§ **Your goal**: Copy out the entries below exactly as they stand, but only from the line containing "Views of Sawtelle" through the line containing "pure khara ablag dumba".

§ **Material supplied**:
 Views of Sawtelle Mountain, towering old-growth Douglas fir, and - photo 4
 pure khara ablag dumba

* * *

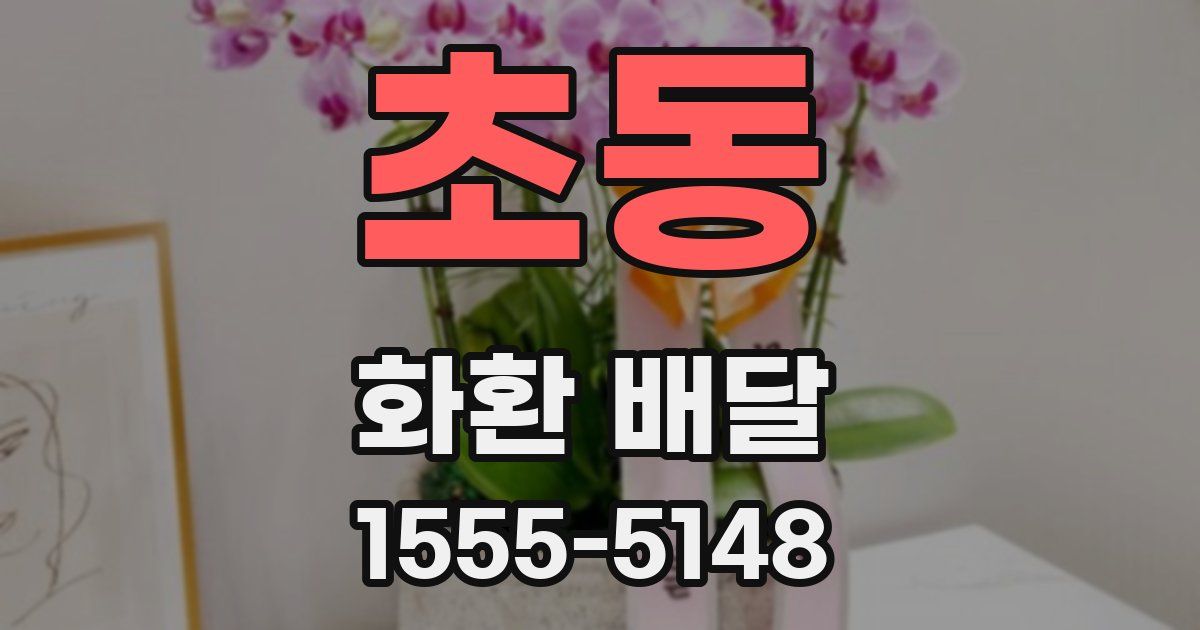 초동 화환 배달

...

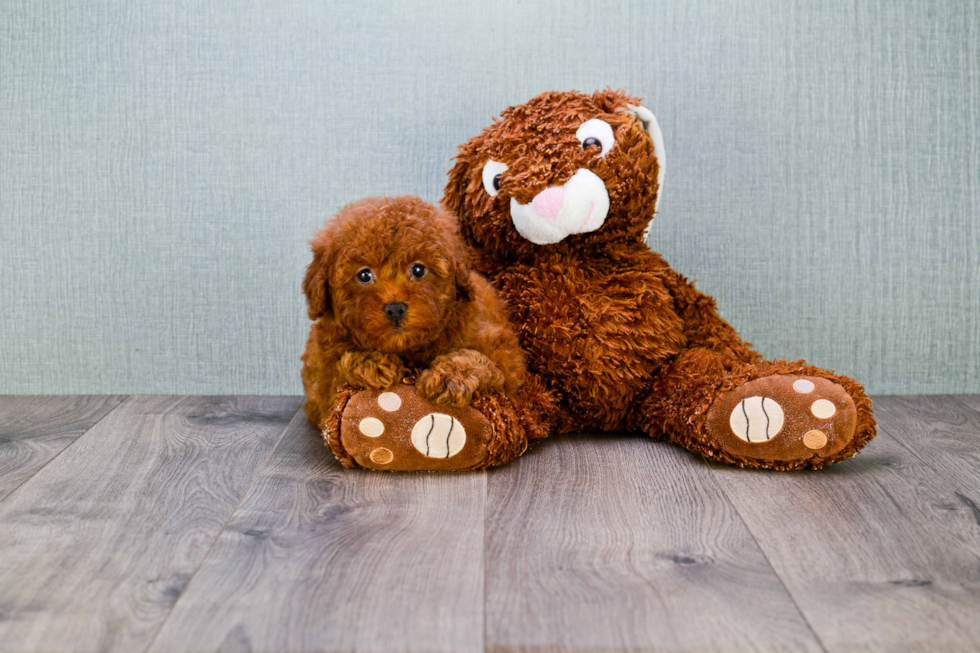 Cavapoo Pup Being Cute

§ **Solution below**:
 Views of Sawtelle Mountain, towering old-growth Douglas fir, and - photo 4
 pure khara ablag dumba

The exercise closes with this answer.